# JoeHo Mantid Photos



## myzticalboi (Aug 10, 2010)

Before the food was alive







And AFTER.....=)
















Mating Gongys






C. Nebulosa


----------



## LauraMG (Aug 10, 2010)

Beautiful!


----------



## more_rayne (Aug 10, 2010)

Cool, what was your lighting setup for the ghost photos? Also, what aperture did you use?


----------



## myzticalboi (Aug 10, 2010)

more_rayne said:


> Cool, what was your lighting setup for the ghost photos? Also, what aperture did you use?

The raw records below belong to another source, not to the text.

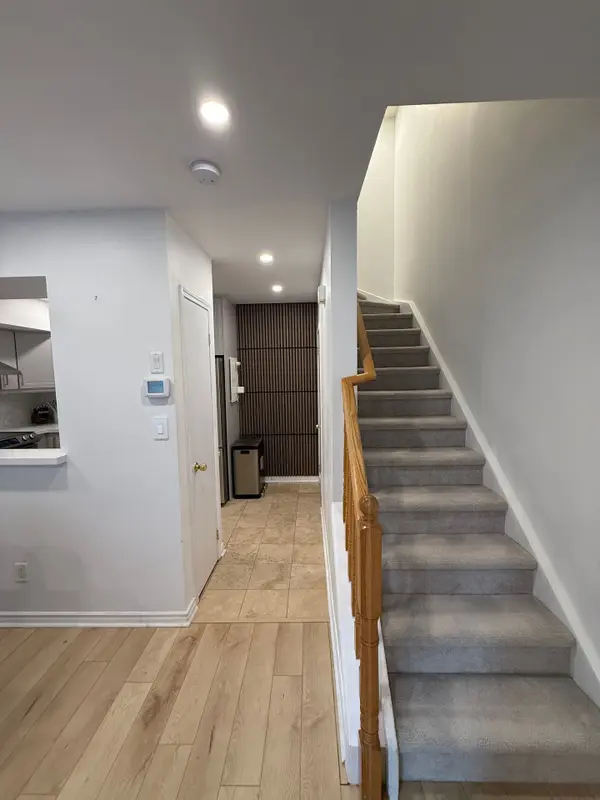 3 Everson DR #123, Toronto C14, ON M2N 7C2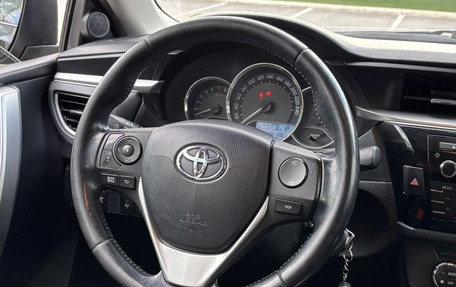 Toyota Corolla, 2013 год, 1 085 000 рублей, 10 фотография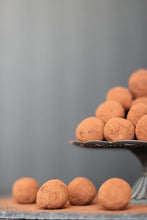 Load image into Gallery viewer, Truffle Gift Box - minimepastry.com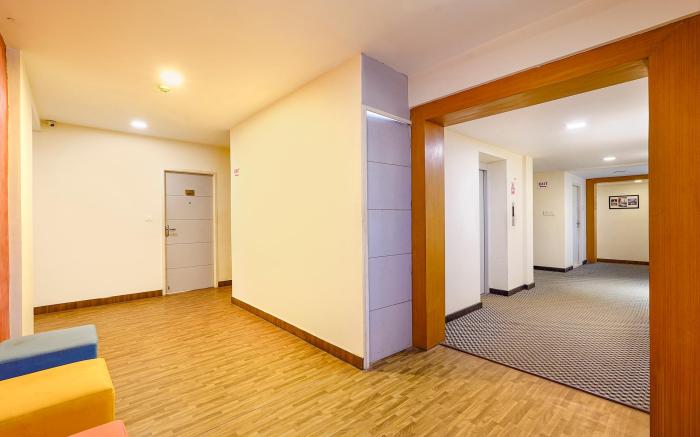 FabHotel Welcome Inn Porur, Nr Saravana Stores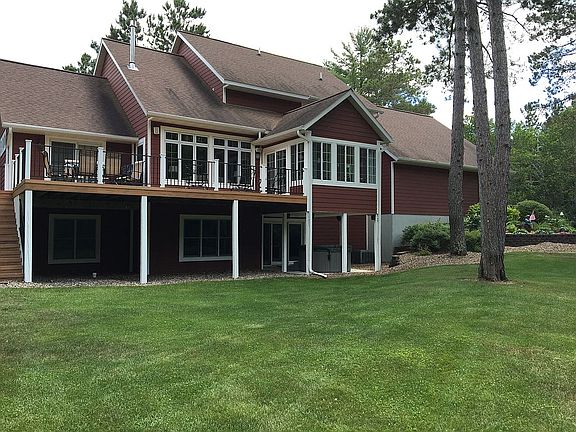 Walk out basement/large deck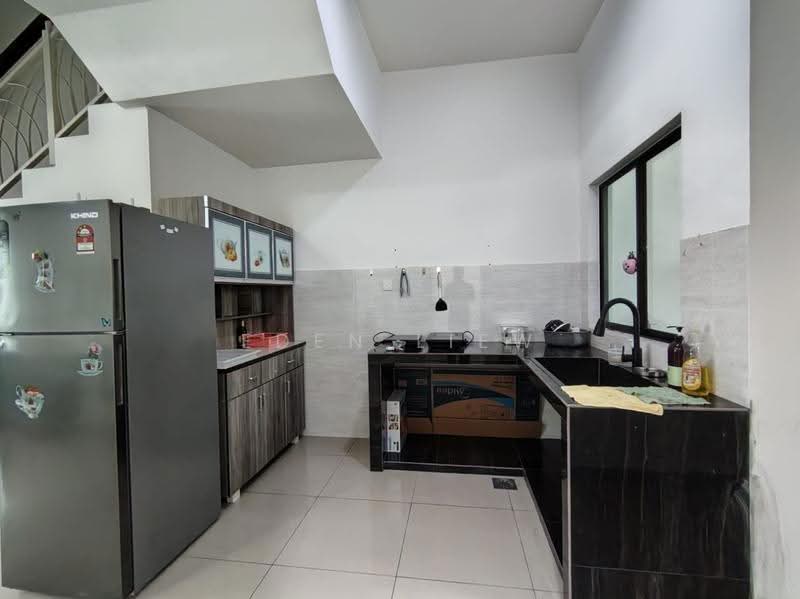 2-storey Terraced House for Sale in Johor Bahru (Johor) - Eden Liew - Kitchen - PropertyGuru.com.my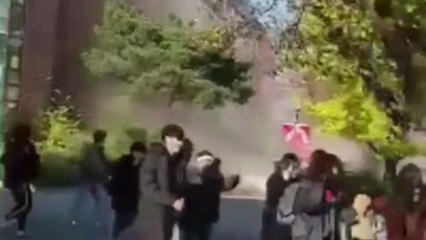 한동대 학생 "맨발로 나왔다...아직도 무서워" / YTN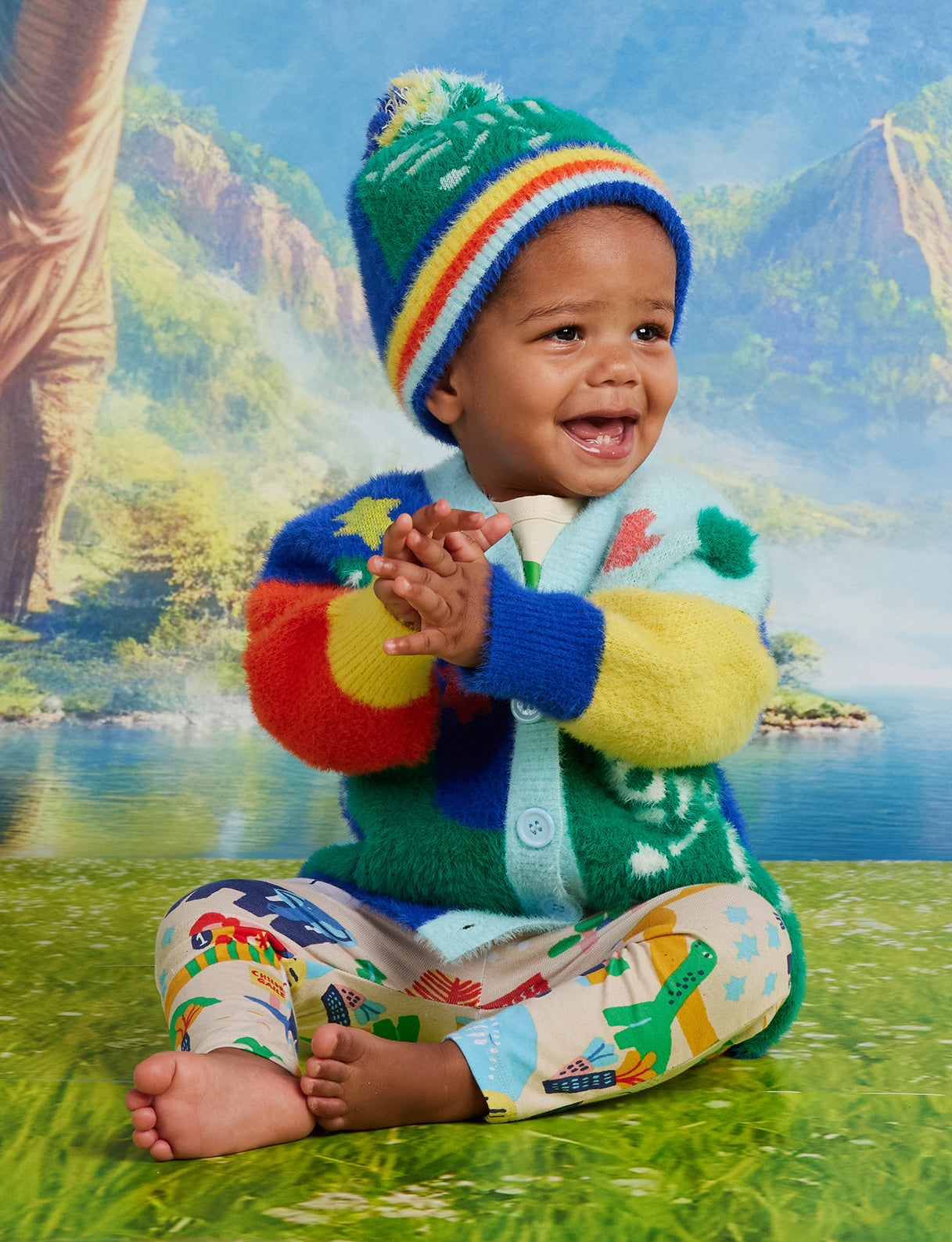 trail-of-treasures-knit-cardigan-beanie-03_1.jpg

Using the built in flash and 40watt heat lamp.

F= 6.3 S= 1/180


----------



## eur0pein (Aug 10, 2010)

i love the color of your ghost mantis


----------



## naeff002 (Aug 11, 2010)

Really nice pictures


----------



## myzticalboi (Sep 8, 2010)

Three different shades of Female Ghost Mantises


----------



## Mex_Ghost (Sep 8, 2010)

Your Paradoxas are so beautiful, and the fourth photo (before Gongys) is the one I like the most.

saludos

Arturo


----------



## more_rayne (Sep 8, 2010)

Oooh, love the eerie green ones!


----------



## LauraMG (Sep 8, 2010)

Wow! It's very stunning to see them all right next to each other like that!


----------



## lancaster1313 (Sep 8, 2010)

I like the dark one.  They do look good all lined up.


----------



## kitkat39 (Sep 9, 2010)

Very Nice! I like the green one! Give it back! =Þ:::


----------



## Seattle79 (Sep 9, 2010)

Three different shades, very nice. I like pics 3 &amp; 4, great lineup.

-Kevin


----------



## guapoalto049 (Sep 9, 2010)

These are some great photos. I love the color morphs of the ghosts, they are amazing! It boggles my mind that ghosts kept in the same enclosure turn out to be so different.


----------



## shorty (Sep 9, 2010)

Absolutely beautiful photos! What kind of camera and lens are you using?


----------



## myzticalboi (Sep 10, 2010)

shorty said:


> Absolutely beautiful photos! What kind of camera and lens are you using?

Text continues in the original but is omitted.